Donnelly does some quick thinking. He remembers that Briana's older sister dropped out of high school. He senses that the 14-year-old - like many teen-agers - is short on attention span and cash.

Instead of just lecturing Briana, Donnelly considers cutting her course load, figuring that she was skipping third and sixth periods because her mind wandered after a couple of hours of classes. He also calls a friend to get her a part-time job.

"If you screw me and go out and have a cigarette, I will make your life miserable," he says, partly joking. His parting comment to the unkempt Briana: "Tie your shoes better so you don't twist an ankle."

Students flock to Donnelly. His strategy is based on bending the rules, making snap decisions, and escaping the stiffness of the orthodoxy. Some fear that's not appreciated - or welcome - in the very deliberative and structured world of systematic reform.

"I don't think (Payzant) is comfortable working out of the box," said Deborah Meier, who is famous nationally for creating strong schools in poor neighborhoods.

Until recently, Meier ran Mission Hill School in Boston, a school with more autonomy than most. She is still involved with the school, but retired from her post as co-principal.

The curriculum at Mission Hill is hands-on, distinctive and project-focused. The parents are required to volunteer at the school.

Meier said she survived in Boston because she "changed the rules." Staffers in Boston's school administration criticize her for not attending mandatory meetings. Unlike Payzant, she looks down on consensus building. "Here, we confront issues early instead of pretending we all agree," she said.

It's not just school leaders who raise questions about having such a rigid system. Some teachers feel as though Big Brother is watching over them.

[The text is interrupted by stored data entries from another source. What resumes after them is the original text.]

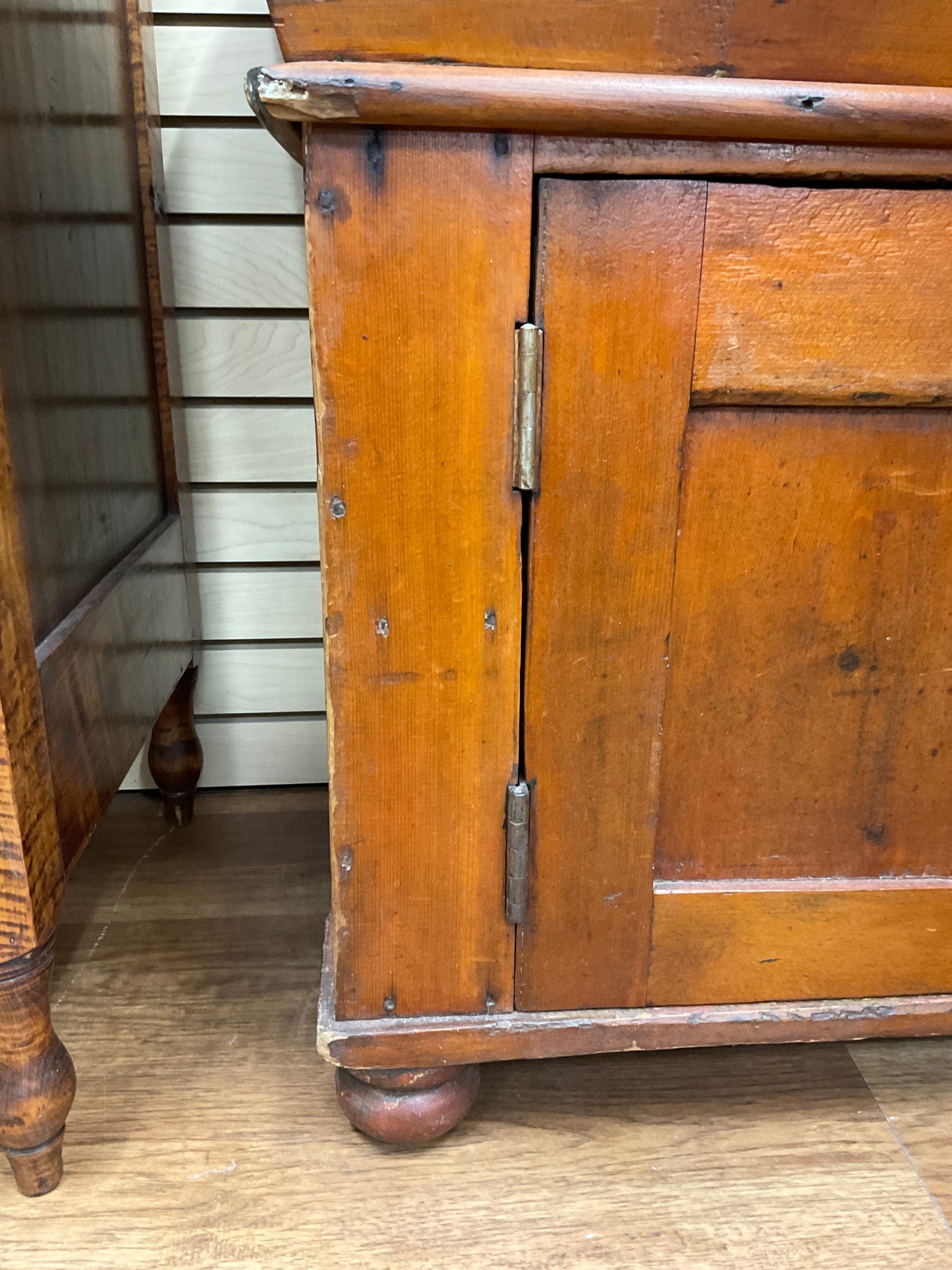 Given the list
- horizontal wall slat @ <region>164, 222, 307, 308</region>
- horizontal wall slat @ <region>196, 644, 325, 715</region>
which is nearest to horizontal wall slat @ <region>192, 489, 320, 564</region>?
horizontal wall slat @ <region>196, 644, 325, 715</region>

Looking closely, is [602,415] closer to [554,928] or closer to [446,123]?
[446,123]

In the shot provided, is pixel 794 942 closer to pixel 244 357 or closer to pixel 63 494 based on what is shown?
pixel 63 494

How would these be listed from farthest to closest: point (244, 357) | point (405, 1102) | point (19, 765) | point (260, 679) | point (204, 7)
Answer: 1. point (260, 679)
2. point (244, 357)
3. point (204, 7)
4. point (405, 1102)
5. point (19, 765)

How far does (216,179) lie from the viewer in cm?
120

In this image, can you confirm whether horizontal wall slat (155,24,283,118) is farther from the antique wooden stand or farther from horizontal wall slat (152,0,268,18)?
the antique wooden stand

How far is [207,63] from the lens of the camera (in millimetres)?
1166

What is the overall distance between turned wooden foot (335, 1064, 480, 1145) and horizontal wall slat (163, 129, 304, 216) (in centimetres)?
100

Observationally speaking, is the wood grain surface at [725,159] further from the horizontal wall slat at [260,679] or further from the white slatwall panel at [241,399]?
the horizontal wall slat at [260,679]

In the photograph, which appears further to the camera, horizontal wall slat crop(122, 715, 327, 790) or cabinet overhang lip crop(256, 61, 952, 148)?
horizontal wall slat crop(122, 715, 327, 790)

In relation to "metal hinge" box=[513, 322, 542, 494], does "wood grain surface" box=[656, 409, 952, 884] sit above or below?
below

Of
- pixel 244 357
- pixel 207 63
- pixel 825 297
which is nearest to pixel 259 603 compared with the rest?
pixel 244 357

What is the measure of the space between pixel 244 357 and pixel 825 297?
838 millimetres

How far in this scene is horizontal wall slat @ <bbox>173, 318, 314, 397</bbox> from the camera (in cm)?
125

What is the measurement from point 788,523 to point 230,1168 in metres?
0.65
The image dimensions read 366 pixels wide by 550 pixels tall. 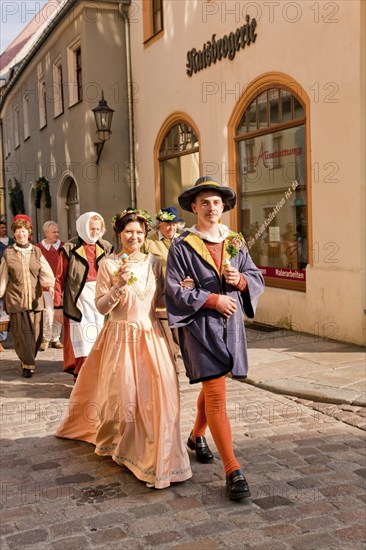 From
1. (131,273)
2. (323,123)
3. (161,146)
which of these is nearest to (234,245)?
(131,273)

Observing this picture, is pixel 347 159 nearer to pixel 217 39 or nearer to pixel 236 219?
pixel 236 219

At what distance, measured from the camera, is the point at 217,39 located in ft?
39.0

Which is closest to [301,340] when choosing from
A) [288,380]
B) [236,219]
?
[288,380]

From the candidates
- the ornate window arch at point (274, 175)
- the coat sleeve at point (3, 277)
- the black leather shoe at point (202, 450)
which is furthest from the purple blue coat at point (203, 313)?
the ornate window arch at point (274, 175)

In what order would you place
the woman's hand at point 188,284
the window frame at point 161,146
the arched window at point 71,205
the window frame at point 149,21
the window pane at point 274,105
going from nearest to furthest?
the woman's hand at point 188,284, the window pane at point 274,105, the window frame at point 161,146, the window frame at point 149,21, the arched window at point 71,205

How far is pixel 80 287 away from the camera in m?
6.75

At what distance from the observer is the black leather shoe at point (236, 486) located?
3.94 meters

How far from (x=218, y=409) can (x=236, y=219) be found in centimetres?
791

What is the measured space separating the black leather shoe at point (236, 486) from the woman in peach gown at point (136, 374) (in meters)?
0.39

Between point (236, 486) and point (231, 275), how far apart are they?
1.22 metres

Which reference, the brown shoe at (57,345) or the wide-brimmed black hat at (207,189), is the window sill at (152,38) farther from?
the wide-brimmed black hat at (207,189)

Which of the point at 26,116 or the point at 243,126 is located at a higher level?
the point at 26,116

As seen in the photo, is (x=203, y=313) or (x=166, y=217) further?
(x=166, y=217)

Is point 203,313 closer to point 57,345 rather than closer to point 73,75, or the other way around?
point 57,345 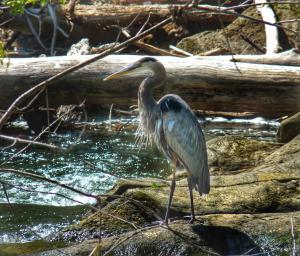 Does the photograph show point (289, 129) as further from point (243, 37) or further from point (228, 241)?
point (243, 37)

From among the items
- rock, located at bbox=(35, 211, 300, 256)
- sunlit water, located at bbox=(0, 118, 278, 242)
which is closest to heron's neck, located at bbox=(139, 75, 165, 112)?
sunlit water, located at bbox=(0, 118, 278, 242)

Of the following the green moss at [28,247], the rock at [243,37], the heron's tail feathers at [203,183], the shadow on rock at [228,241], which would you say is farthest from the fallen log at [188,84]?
the shadow on rock at [228,241]

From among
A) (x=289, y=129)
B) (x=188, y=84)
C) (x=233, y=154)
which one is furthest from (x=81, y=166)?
(x=289, y=129)

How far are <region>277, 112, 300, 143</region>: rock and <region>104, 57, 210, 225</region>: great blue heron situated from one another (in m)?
2.24

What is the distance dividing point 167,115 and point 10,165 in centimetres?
339

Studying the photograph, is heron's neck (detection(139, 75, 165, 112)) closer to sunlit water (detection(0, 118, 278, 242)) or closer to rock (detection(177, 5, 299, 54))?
sunlit water (detection(0, 118, 278, 242))

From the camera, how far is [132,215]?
6.06 meters

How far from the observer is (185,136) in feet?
20.4

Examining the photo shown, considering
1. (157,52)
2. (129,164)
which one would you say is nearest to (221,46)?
(157,52)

"There is completely no trust in teachers when they try to make it so prescripted," said one high school teacher, who asked that her name not be used because she feared job retribution. "If they want everyone to be on the same page, they should hire robots, not teachers."

The teacher works at one of the small schools created as part of Boston's high-school reform effort. She said there is too much "teaching to the test," at the expense of finding creative ways to change students' attitudes toward education.

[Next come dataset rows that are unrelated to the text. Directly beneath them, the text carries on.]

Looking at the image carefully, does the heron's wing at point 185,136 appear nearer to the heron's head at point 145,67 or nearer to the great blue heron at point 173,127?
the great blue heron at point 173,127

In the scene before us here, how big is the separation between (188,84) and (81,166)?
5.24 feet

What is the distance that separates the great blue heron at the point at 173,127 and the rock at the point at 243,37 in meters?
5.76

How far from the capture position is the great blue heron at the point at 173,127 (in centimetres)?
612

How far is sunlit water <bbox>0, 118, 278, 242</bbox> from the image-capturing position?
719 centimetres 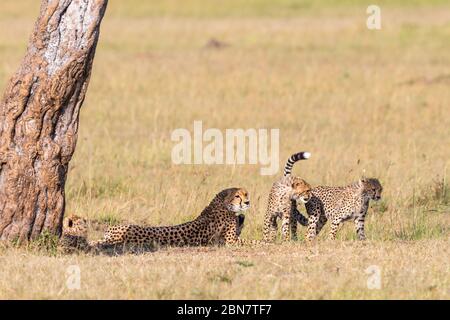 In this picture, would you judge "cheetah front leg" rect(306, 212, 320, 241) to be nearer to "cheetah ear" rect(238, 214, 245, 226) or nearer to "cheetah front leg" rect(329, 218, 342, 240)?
"cheetah front leg" rect(329, 218, 342, 240)

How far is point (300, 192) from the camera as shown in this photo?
10.0 m

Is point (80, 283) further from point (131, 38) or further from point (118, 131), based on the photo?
point (131, 38)

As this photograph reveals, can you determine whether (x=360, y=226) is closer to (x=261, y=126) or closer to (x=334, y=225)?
(x=334, y=225)

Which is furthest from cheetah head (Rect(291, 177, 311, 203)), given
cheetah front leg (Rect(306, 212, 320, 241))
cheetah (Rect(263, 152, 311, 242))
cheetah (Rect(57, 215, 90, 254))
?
cheetah (Rect(57, 215, 90, 254))

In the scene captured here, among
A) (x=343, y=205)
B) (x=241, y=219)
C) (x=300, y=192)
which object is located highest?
(x=300, y=192)

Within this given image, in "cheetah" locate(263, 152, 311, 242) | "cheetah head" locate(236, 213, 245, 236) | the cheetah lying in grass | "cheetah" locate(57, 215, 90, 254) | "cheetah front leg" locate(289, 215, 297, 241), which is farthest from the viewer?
"cheetah front leg" locate(289, 215, 297, 241)

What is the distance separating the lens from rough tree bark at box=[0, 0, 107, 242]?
29.8ft

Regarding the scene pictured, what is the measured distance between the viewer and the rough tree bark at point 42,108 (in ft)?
29.8

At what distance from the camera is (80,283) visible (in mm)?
7727

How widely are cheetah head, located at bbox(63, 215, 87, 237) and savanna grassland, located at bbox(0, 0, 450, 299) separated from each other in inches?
38.6

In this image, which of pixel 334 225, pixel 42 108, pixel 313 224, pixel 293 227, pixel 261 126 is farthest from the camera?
pixel 261 126

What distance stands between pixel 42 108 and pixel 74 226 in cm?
A: 134

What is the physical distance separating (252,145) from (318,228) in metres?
5.18

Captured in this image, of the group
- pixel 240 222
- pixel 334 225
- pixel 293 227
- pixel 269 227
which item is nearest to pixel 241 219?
pixel 240 222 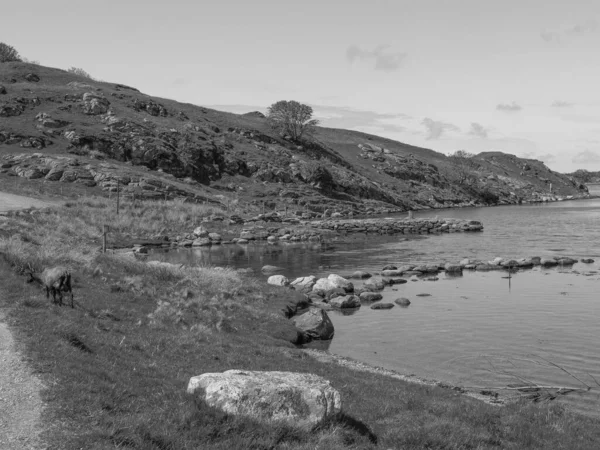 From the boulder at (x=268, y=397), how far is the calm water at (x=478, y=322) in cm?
1079

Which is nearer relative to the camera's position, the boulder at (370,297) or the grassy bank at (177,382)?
the grassy bank at (177,382)

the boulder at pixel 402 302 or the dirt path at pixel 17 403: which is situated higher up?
the dirt path at pixel 17 403

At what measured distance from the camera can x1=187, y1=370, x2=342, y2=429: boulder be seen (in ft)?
37.6

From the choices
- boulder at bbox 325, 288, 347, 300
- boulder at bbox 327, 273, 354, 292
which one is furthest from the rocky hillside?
boulder at bbox 325, 288, 347, 300

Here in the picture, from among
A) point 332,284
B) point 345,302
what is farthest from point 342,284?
point 345,302

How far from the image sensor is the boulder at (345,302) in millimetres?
34625

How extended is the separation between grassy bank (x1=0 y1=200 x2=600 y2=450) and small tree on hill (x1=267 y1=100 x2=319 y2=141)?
14126cm

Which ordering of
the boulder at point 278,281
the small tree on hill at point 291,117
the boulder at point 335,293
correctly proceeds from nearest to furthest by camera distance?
the boulder at point 335,293 → the boulder at point 278,281 → the small tree on hill at point 291,117

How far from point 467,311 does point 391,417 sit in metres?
20.0

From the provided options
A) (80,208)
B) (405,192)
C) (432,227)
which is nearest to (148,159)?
(80,208)

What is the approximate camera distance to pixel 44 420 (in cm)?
968

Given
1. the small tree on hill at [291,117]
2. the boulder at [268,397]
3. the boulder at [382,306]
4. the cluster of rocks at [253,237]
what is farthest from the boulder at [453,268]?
the small tree on hill at [291,117]

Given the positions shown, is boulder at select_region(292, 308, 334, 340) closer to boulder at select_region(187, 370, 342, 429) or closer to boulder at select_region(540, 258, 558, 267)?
boulder at select_region(187, 370, 342, 429)

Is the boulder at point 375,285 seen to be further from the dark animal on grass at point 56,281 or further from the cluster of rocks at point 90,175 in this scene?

"Getting kids to do their homework, raising the expectations, that has not been solved by the small-school model," she said.

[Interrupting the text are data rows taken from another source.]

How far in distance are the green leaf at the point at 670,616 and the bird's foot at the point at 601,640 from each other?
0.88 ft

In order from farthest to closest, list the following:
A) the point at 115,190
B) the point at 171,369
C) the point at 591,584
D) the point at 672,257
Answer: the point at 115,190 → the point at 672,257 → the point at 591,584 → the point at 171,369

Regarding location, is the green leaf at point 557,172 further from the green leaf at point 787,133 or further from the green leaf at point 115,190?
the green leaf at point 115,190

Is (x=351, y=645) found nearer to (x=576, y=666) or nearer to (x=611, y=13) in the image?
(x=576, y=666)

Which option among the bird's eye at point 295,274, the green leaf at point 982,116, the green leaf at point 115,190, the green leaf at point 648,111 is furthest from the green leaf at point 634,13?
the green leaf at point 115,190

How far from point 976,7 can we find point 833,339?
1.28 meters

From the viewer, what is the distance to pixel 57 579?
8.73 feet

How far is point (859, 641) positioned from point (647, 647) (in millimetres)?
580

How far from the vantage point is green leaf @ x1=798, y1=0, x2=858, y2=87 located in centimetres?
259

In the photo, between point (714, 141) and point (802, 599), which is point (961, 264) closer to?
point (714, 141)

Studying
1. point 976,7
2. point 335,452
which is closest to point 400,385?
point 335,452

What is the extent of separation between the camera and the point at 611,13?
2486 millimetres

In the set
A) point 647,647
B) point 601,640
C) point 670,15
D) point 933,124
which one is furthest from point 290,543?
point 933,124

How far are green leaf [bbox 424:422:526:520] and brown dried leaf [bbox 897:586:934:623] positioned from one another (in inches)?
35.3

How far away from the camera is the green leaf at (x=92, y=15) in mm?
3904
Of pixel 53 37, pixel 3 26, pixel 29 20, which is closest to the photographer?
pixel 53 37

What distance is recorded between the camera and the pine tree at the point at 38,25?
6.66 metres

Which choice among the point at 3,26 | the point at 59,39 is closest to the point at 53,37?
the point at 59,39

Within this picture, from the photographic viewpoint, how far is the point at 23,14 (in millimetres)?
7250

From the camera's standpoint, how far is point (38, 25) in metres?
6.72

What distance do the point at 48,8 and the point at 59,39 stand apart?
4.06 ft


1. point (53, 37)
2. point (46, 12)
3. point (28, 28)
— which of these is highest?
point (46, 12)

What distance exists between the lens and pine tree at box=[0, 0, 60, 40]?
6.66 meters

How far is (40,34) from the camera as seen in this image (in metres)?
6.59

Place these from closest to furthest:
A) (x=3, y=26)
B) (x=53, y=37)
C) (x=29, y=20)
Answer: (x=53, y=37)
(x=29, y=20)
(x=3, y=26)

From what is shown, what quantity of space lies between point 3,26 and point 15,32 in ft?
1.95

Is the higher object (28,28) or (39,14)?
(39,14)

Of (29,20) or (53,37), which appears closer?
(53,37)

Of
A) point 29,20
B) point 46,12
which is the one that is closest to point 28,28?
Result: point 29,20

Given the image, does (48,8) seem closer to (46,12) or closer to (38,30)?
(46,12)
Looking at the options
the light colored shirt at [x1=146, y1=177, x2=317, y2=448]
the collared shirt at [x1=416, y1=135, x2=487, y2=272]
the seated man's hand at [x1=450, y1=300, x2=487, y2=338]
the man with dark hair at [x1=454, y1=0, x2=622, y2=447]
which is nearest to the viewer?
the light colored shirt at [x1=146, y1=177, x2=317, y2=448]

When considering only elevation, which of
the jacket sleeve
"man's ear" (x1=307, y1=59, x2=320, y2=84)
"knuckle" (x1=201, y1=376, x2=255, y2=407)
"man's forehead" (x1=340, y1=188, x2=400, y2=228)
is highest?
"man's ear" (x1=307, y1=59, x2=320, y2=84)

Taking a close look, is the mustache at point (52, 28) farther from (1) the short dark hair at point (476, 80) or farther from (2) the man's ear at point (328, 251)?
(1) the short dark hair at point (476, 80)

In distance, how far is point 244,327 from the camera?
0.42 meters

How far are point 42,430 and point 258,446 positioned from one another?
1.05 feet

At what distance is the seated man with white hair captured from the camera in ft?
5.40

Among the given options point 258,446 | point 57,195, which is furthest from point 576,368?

Payzant is undeterred. He said the standards-based movement - in which students are tested routinely to make sure they are all achieving the same set of core skills at the same time - "changed the way we think about the responsibility of public schools."

Many say that change is rooted in the changing American economy, and the pressure of the global economy. Successful occupations for dropouts don't exist in the way they used to; if urban school systems ever could afford to fail, they definitely cannot today.

"It used to be that you could have acceptable casualties in education who would not be casualties in society," Felner said. "But if you are a casualty in public education, the odds are you are not going to make it in society and democracy. The question everyone is asking: How do you re-engineer the school system to address this?"

For someone such as Meier, any re-engineering cannot be legislated from the central office, and measured by a test. But for someone like Payzant, Felner's question is guiding the course of urban education. And if teachers have a particular approach outside the norm that works well on a particular lesson, they should share it - so that it can be implemented system-wide.

Donnelly, at West Roxbury High School, describes the changes this way: "Since education started, if you had this amazing way of teaching the book `Billy Budd' by Herman Melville, no one could steal your idea. It was almost like copyright. Now, it's just the opposite. Now, you are asked to show that off. Your way of teaching is duplicated and celebrated now."

Having said that, there may be less of a home in the future for the maverick principal or the renegade school that finds success through unorthodox means. In Boston, in Milwaukee, and in more and more districts across the country, the emphasis is clearly on the whole, not the parts.